Floating Point

Like other languages you’ve used before, C has a float type that works for numbers with a decimal point in them:


#include <stdio.h>

int main() {
    float n = 8.4f;
    printf("%f\n", n * 5.0f);
    return 0;
}

But how does float actually work? How do we represent fractional numbers like this at the level of bits? The answers have profound implications for the performance and accuracy of any software that does serious numerical computation.

For example, see if you can predict what the last line of this example will print:


#include <stdio.h>

int main() {
    float x = 0.00000001f;
    float y = 0.00000002f;

    printf("x = %e\n", x);
    printf("y = %e\n", y);
    printf("y - x = %e\n", y - x);

    printf("1+x = %e\n", 1.0f + x);
    printf("1+y = %e\n", 1.0f + y);
    printf("(1+y) - (1+x) = %e\n", (1.0f + y) - (1.0f + x));

    return 0;
}

Understanding how float actually works is the key to avoiding surprising pitfalls like this.

Real Numbers in Binary

Before we get to computer representations, let’s think about binary numbers “on paper.” We’ve seen plenty of integers in binary notation; we can extend the same thinking to numbers with fractional parts.

Let’s return to elementary school again and think about how to read the decimal number 19.64. The digits to the right of the decimal point have place values too: those are the “tenths” and “hundredths” places.
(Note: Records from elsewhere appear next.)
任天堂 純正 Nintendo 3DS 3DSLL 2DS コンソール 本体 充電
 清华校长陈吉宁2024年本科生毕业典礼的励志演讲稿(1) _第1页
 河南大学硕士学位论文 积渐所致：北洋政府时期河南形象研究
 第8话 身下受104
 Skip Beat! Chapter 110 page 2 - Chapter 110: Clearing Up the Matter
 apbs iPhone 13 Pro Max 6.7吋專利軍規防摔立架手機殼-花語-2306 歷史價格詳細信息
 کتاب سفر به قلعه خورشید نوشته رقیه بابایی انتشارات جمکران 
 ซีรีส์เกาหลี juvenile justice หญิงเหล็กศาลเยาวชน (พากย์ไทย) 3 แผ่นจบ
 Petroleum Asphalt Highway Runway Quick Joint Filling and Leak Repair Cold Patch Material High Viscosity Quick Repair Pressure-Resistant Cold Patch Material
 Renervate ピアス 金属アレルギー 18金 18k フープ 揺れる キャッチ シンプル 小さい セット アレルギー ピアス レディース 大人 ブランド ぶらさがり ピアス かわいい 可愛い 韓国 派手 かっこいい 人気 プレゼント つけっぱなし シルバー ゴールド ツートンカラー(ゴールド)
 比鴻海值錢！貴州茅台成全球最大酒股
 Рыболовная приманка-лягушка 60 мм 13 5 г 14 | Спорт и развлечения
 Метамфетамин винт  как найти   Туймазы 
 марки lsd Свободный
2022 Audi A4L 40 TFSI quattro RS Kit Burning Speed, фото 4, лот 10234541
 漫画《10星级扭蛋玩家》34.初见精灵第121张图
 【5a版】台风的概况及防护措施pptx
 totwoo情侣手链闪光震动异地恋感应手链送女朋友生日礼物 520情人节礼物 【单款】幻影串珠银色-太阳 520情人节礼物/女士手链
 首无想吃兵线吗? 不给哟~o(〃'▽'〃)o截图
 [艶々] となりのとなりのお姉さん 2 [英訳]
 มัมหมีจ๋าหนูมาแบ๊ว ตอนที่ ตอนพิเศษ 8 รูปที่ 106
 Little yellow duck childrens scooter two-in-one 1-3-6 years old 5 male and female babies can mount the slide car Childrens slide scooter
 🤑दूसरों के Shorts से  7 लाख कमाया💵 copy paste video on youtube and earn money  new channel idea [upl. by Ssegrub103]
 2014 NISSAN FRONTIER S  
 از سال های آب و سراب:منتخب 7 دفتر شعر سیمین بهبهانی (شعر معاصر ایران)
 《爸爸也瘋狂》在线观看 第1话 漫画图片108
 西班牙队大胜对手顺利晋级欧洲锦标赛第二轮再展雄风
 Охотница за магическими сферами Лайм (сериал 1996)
So here’s the value that decimal notation represents:

$19.64_{10} = 1 \times 10^1 + 9 \times 10^0 + 6 \times 10^{-1} + 4 \times 10^{-2}$

Beyond the decimal point, the place values are negative powers of ten. We can use exactly the same strategy in binary notation, with negative powers of two. For example, let’s read the binary number 10.01:

$10.01_2 = 1 \times 2^1 + 0 \times 2^0 + 0 \times 2^{-1} + 1 \times 2^{-2}$

So that’s $2 + \frac{1}{4}$ , or 2.25 in decimal.

The moral of this section is: binary numbers can have points too! But I suppose you call it the “binary point,” not the “decimal point.”

Fixed-Point Numbers

Next, computers need a way to encode numbers with binary points in bits. One way, called a fixed-point representation, relies on some sort of bookkeeping on the side to record the position of the binary point. To use fixed-point numbers, you (the programmer) have to decide two things:

How many bits are we going to use to represent our numbers? Call this bit count $n$ .
Where will the binary point go? Call this position $e$ for exponent. By convention, $e=0$ means the binary point goes at the very end (so it’s just a normal integer), $e=-1$ means there is one bit after the binary point.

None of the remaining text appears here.